豪雨被災の村民へ手作り広報紙 球磨村の若手職員が1人で編集印刷 - 西日本新聞

 熊本県南部の豪雨で甚大な被害が出た球磨村で、若手広報マンが奮闘している。球磨川の氾濫で幹線道路は寸断し、インターネットは一時不通になった。村内外の避難所に身を寄せる住民に情報を届けるため、広報担当の野々原真矢さん(32)は臨時の手作り広報紙を作成し、情報発信を続けている。

 「応急仮設住宅を設置します」「住民票が他市町村で発行可能に」-。14日から発行を始めた広報には、被災者に役立つ道路復旧の状況や災害ごみ仮置き場に関する情報を詰め込む。「村民と役場をつなぐのが広報の役割」。野々原さんは力を込める。

 豪雨に関する情報は当初、防災無線や会員制交流サイト(SNS)のフェイスブックを使って発信していた。だが、防災無線が壊れて聞こえない地域も発生、インターネット回線は村の広範囲で断線した。村民からは「情報が届いていない」との声も寄せられた。

 村は人口約3500人で高齢化率50%が目前に迫り、SNSでの情報発信には限界がある。平常時の広報発行は基本的に月1回だが、高齢者にも伝えやすい紙での臨時発行を決めた。

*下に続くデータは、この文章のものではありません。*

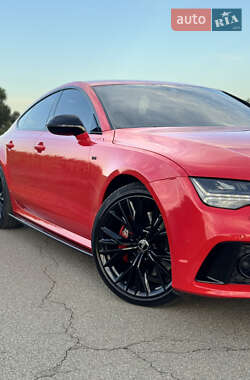 Ліфтбек Audi A7 Sportback 2014 в 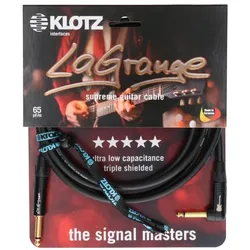 Klotz LA-GPR0300 (3 m), Audiokabel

 毎夕に開催される災害対策本部会議では、さまざまな部署が情報を報告する。野々原さんは関係者と臨時広報に載せる内容を調整し、編集や印刷を含め1人で手掛ける。開始からしばらくは毎日、現在も数日に1回ペースで計千部を避難所などに同僚と配布。「情報が日々更新されていくので、できるだけ新しい情報を提供したい。災害で役場の重要性はさらに増していると思う」と語る。

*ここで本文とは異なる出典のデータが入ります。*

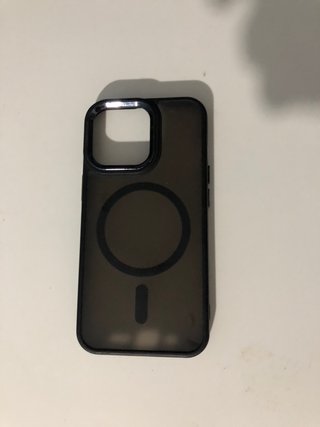 Custodia iPhone 13 Pro Nero MagSafe
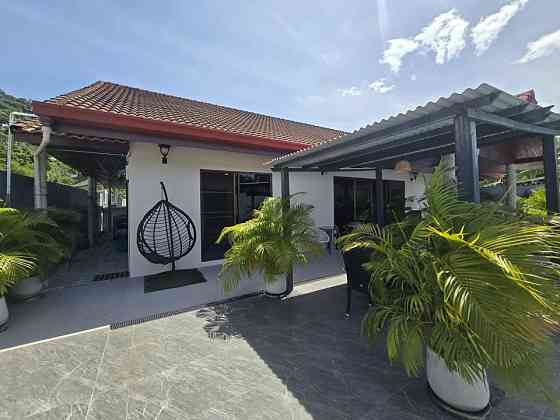4 Bedroom Pool Villa for Rent in Lamai Самуи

 地元の高校を卒業後、19歳で村役場に就職。生まれ育った村を支えたいとの思いがあった。豪雨で見慣れた村の景色は一変し、自然の怖さも思い知った。人口流出に加え、地域のコミュニティーの維持など心配は尽きない。「今まで以上にもっと安心・安全な村にして、村外に避難する人に帰って住んでいただきたい。村を元通り、それ以上にせんばいけんという使命感が強い」と前を向く。

 所属部署は今月1日に名前が変わり「ふるさと創生課」になった。臨時広報とともに、村のSNSの更新も続ける。「村民だけでなく全国に村の情報を届け、復興を応援してもらいたい」。ふるさとの再生に向け、最前線で情報発信を続ける覚悟だ。(具志堅聡)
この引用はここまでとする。